Question

Submit your calculation/answer for Part 1 and MATLAB code/result/answer for Part 2 below:

Servicing Customers A supermarket you work part-time at has one express lane open from 5 to 6 PM on weekdays (Monday through Friday). This time of the day is usually the busiest since people tend to stop on their way home from work to buy groceries. The number of items allowed in the express lane is limited to 10 so that the average time to process an order is fairly constant at about 1 minute. The manager of the supermarket notices that there is frequently a long line of people waiting and hears customers grumbling about the wait. To improve the situation he decides to open additional express lanes during this time period.
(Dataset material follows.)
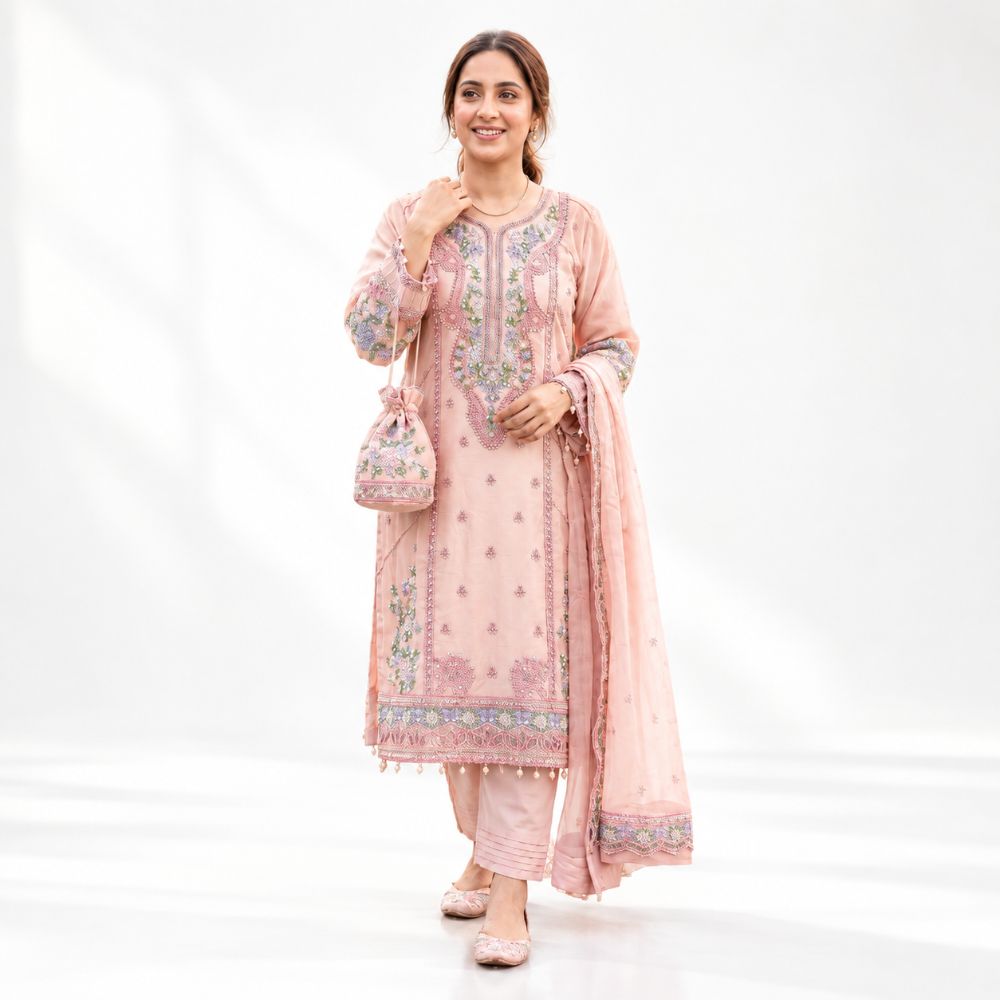 Dusty Rose Hand-Embroidered 3-Piece Organza Suit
If he does, however, he will have to "pull" workers from other jobs around the store to serve as cashiers. Hence, he is reluctant to open more lanes than necessary. Knowing that you are a college student studying probability, your manager asks you to help him decide how many express lanes to open. His requirement is that there should be no more than one person waiting in line 95% of the time. With the task at hand, you set out to study the problem first. You start by counting the number of customer arrival in the express lane on a Monday from 5 to 6pm. There are a total of 81 arrivals. You repeat the experiment on the following four days (Tuesday through Friday) and note the total arrivals of 68, 72, 61 and 66 customers, respectively.
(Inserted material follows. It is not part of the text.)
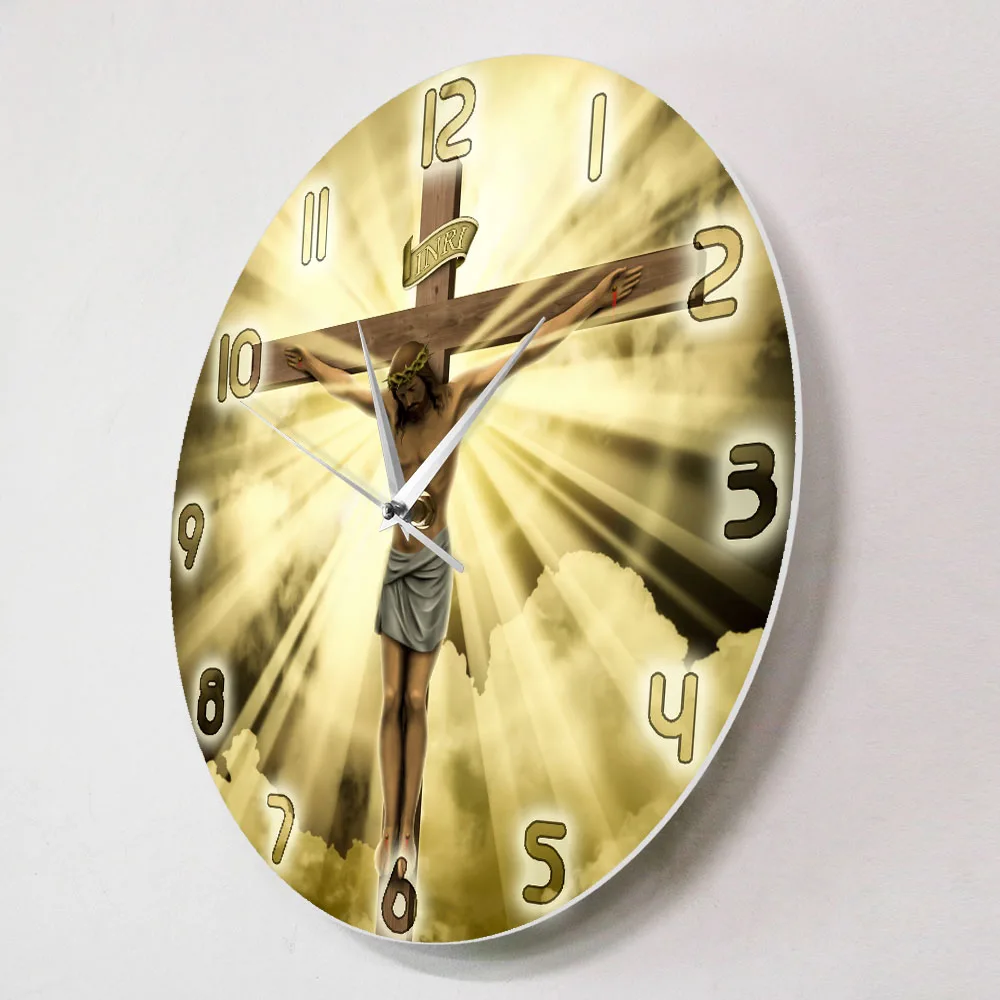 Jesus Christ On Cross Good Friday Calvary Wall Clock Christian Spiritual God Prayer Silent Wall Clock Bible Faith Home Decor 3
Part 1: Analysis (2% of final grade) In order to solve the problem, you decide to answer the following set of questions:

1)

2)Ans= 1.16

3) Ans = 67.71%

4) Ans= 96.53%

Part 2: Simulation (2% of final grade)

Before telling your manager your recommendation, you decide to simulate the problem first to verify your solution:

1) You decide to approximate the customer arrival process as follows. You treat each one-second interval as a Bernoulli trial. Assign it to be a one, if there is a customer arrives during that interval, zero if no customer arrives.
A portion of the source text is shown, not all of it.